- **ACTION ITEM**: Please return only the lines from the one showing "笔趣阁txt小说网站入口" to the end of the entries, keeping both ends and dropping every picture.

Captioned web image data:
════════

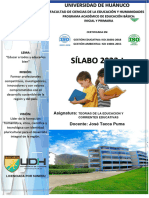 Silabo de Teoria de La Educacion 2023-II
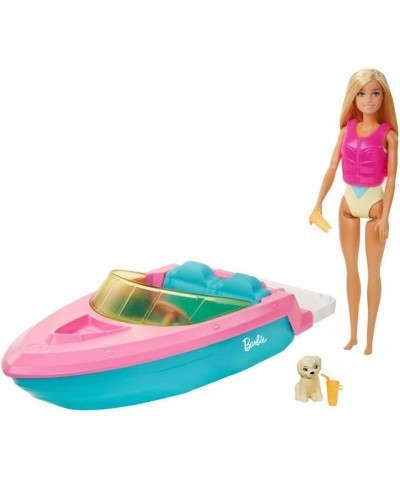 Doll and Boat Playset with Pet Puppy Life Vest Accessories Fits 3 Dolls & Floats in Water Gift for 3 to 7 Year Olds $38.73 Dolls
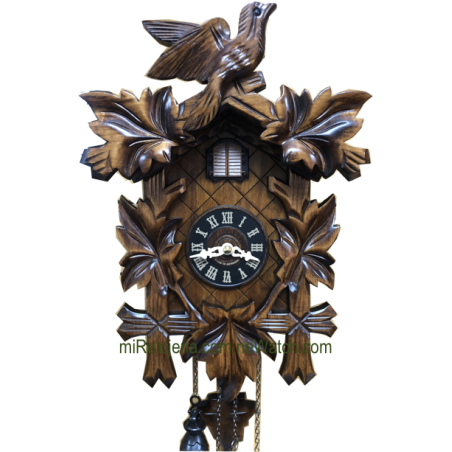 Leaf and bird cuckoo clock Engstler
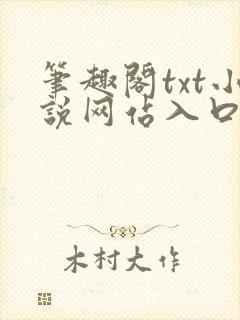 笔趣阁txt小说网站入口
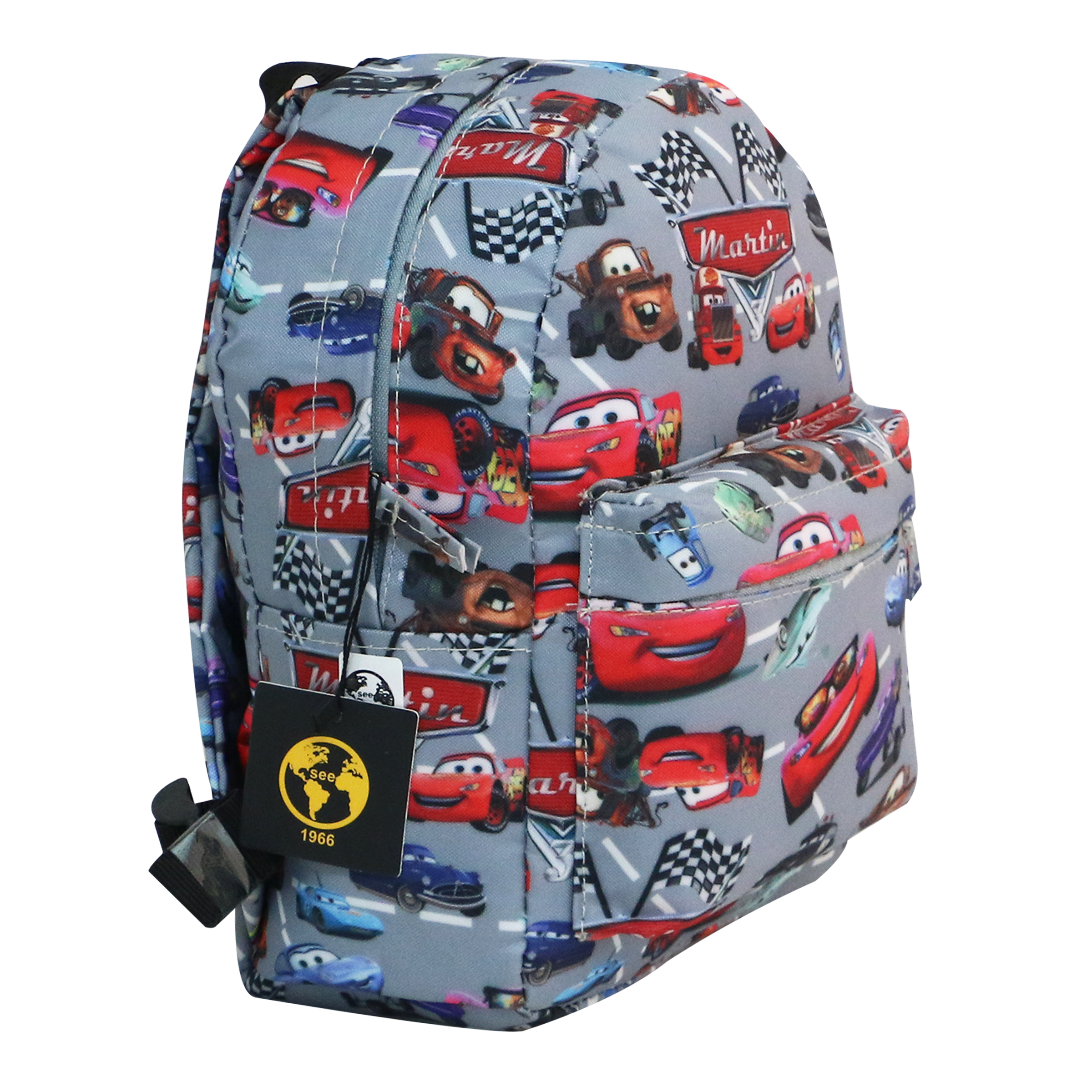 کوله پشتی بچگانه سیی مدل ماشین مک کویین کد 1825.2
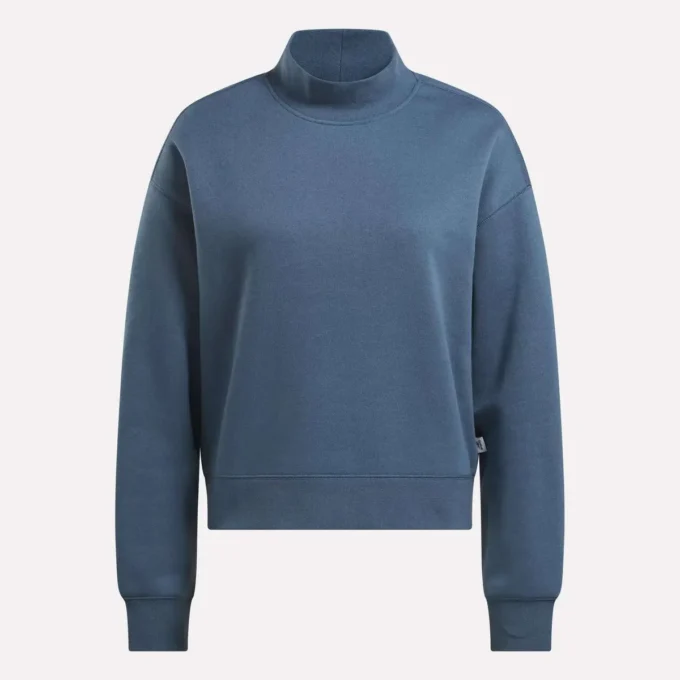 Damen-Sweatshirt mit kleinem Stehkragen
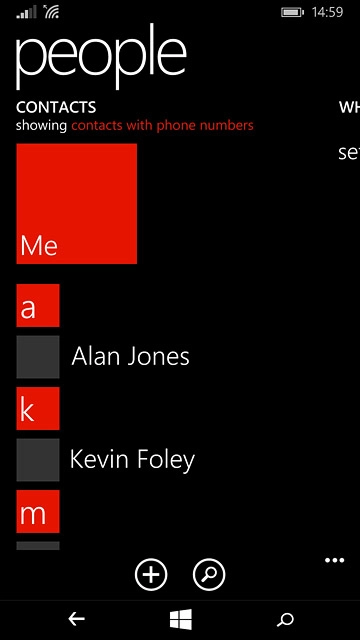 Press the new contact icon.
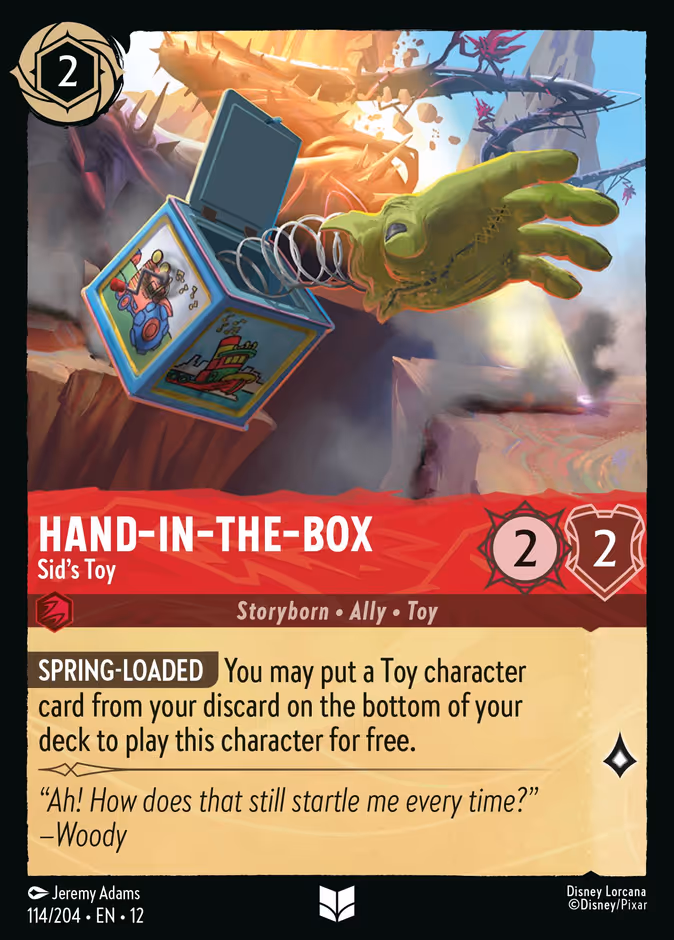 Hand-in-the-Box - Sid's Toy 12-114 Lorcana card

════════

- **WRITTEN SOLUTION**:
 笔趣阁txt小说网站入口
 کوله پشتی بچگانه سیی مدل ماشین مک کویین کد 1825.2
 Damen-Sweatshirt mit kleinem Stehkragen
 Press the new contact icon.
 Hand-in-the-Box - Sid's Toy 12-114 Lorcana card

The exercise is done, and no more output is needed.